En la película Barrio, que cumple 20 años, uno de los protagonistas repartía pizza a base de zapato y autobús urbano porque ni siquiera tenía moto. Nos contaba recientemente en esta sección el director, Fernando León de Aranoa, que lo que entonces parecía un chiste descabellado ahora se ha hecho pétrea realidad: yo ya he visto repartidores trabajando en el metro, tal es la necesidad.

Para ganar un sueldo que casi merezca la pena, sin apenas derechos laborales, muchos arriesgan el cuerpo en la calzada o prefieren trabajar bajo la lluvia para ingresar primas, siempre bajo la presión de la empresa, que empuja obsesivamente a la mayor productividad. La moderna economía colaborativa, plena de glamur, es el trabajo a destajo de toda la vida, la forma de explotación más antigua. Estas empresas presumen de proveer de trabajo a aquellos que quieren un ingreso extra informal, y algunos de sus riders están conformes, sin embargo, se extiende y normaliza la precariedad nuestra de cada día. Más que un curro para ganarse la vida, es un curro para pagarse las birras. Una empresa decente, además de producir ganancias, debería colaborar en el bienestar social.

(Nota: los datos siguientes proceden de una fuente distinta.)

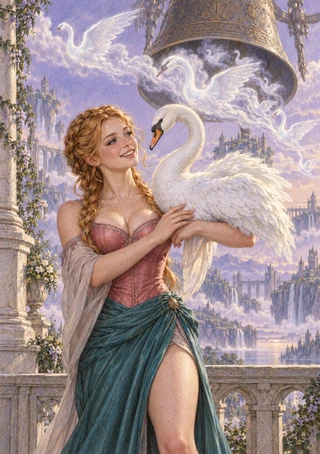 A woman in a rose bodice and teal skirt holds a white swan beneath a huge suspended bell, with flying swans and a pale city behind her.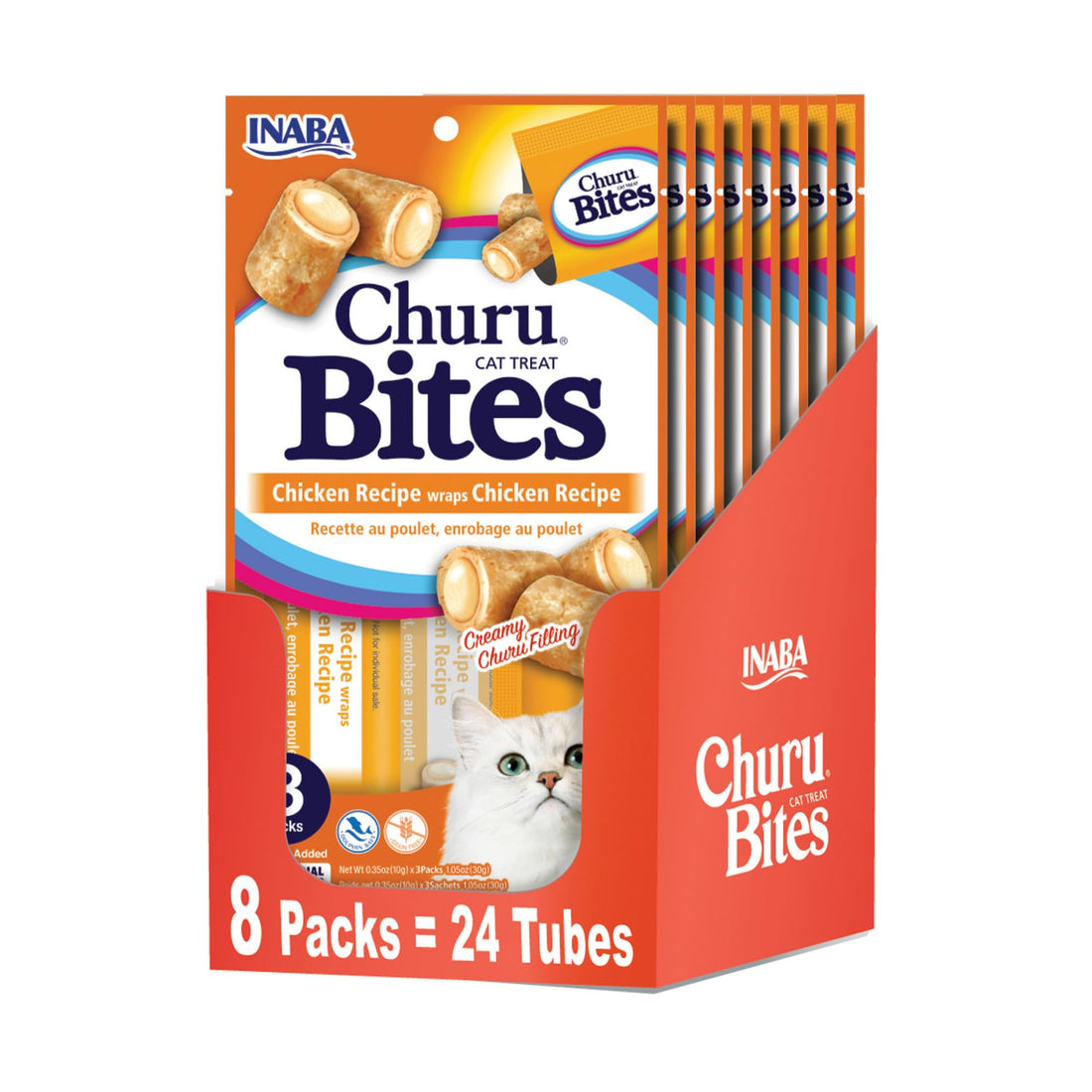 INABA Churu Bites for Cats, Soft/Chewy Baked Chicken Wrapped Churu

Si uno mira quienes poseen estos evanescentes negocios, aparecen grandes fondos de inversión y conocidos emprendedores con historial de éxito en startups de nombres cool. Si uno mira a los trabajadores de los que extraen sus beneficios ve a personas que viven a salto de mata, sin saber muy bien dónde les llevará la próxima hamburguesa a repartir. En vez de proporcionar trabajos dignos, se convierte al currela en algo así como aquellos niños emprendedores de las películas que montaban un puesto de limonada para sacarse unas pelillas. El trabajo como hobby.

Se plantean serias dudas sobre este modelo laboral y me pregunto por qué cada vez hay más repartidores por las calles madrileñas, si es más la gula que la tristura. Es difícil no verlos, con ese pedazo de cubo fosforito a la espalda, como una alegre condena, como el happy meal de Sísifo.